Organised at the call of the Popular Front (a coalition comprising left radical political parties, associations and independent personalities in Tunisia, one of whose leaders, Chokri Belaïd, was assassinated on February 6, 2013), this meeting brought together around twenty political formations from the Mediterranean including the Front de Gauche and NPA (France); Izquierda Unida and Izquierda anticapitalista from the Spanish state, Sortu from the Basque country, CUP from Catalonia; from Greece, the OKDE ; from Portugal, the Left Bloc; from Italy, Sinistra Critica ; Al Mounadil from Morocco and political formations from Egypt, Lebanon, Syria, Algeria and Palestine. There were also organisations present from Belgium, Haiti and Venezuela. It is the first time that these parties and political organisations have met at the scale of the Mediterranean region to struggle for the cancellation of the illegitimate debt.

This gathering ended with a big meeting of representatives of the political parties in an electric and passionate atmosphere of anger, joy and collective force with each affirming the will to work around the debt, against the dictatorship of the creditors and for the emancipation of the peoples.
More than 1000 people were present, including many young people and women. The speeches were interspersed with slogans chanted in Arabic (although it was unfortunate that only three women spoke). The activists in the room displayed their determination to sweep away the capitalist system and to found a new world order in the service of the peoples.

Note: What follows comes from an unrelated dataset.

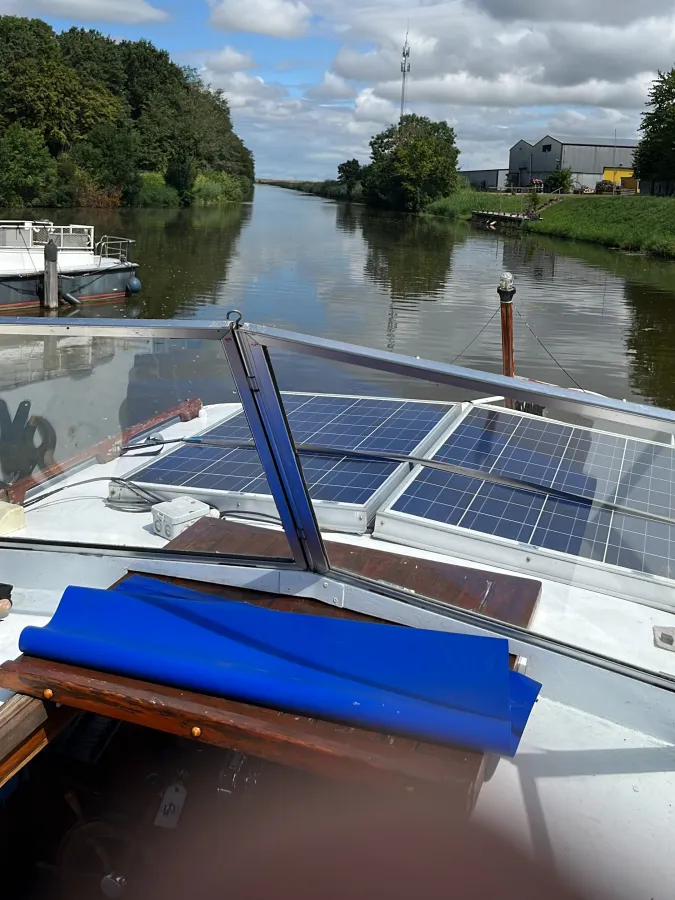 Acier Bateau à moteur Succeskruiser 900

Tributes were paid to different leaders, revolutionaries or progressive activists. A film tribute to Chokri Belaïd was shown. Chokri remains a very popular figure of the Tunisian revolution, a source of inspiration for many. Later another short film paid tribute to Hugo Chavez. For more than three hours, speakers hailed the Tunisian revolution and more broadly the Arab spring which overthrew the dictatorships of Ben Ali and Mubarak. At this historic turning point, it is necessary to add an international dimension. The Tunisian revolution is, for several generations, the concrete demonstration that revolution is far from being a rhetorical formula and the people can take their destiny in hand. The public meeting ended with a vibrant intervention from the spokesperson of the Popular Front, Hamma Hammami, who has developed a position on the debt aligned with that of the CADTM.

As stressed by the preamble to the declaration of this meeting, the fall of Ben Ali “allowed the disarming of the local neoliberal capitalist order without however overthrowing it. The social regime, which is the historic product of foreign domination and more recently of world neoliberal capitalist restructuring, is still there. But the revolutionary crisis opened up by the insurrection remains active. The victory of the social and democratic revolution remains possible in Tunisia”.

n this context, it is necessary to get rid of the debt which remains a central tool of the domination and oppression of the peoples. An instrument for the transfer of wealth and political domination, this question was at the heart of the debate. The participants affirmed the deed for freedom from the diktat of the creditors and the international financial institutions, the IMF and World Bank in particular. Several speakers cited the examples of Argentina, Ecuador or Iceland to show that it is possible to disobey the creditors so as to follow policies in favour of the population. The audit of the public debt was also posed as one of the possible strategies to identify and cancel illegitimate and odious debt, while the importance of mobilisation on this question was stressed.

It is the first time that a common front has emerged, and it is undoubtedly a historic advance in the struggle against the debt. This meeting echoed the call launched in 1987 in Addis Ababa by president Thomas Sankara, and concretised 26 years later by the creation of a common front against the debt: “the debt cannot be repaid because if we do not pay, the financiers will not die, be sure of it. On the contrary if we pay, it is us, who will die, we are equally sure of it”. The parties who met in Tunis decided to set up a monitoring committee and meet again in Spain in 2013 or 2014.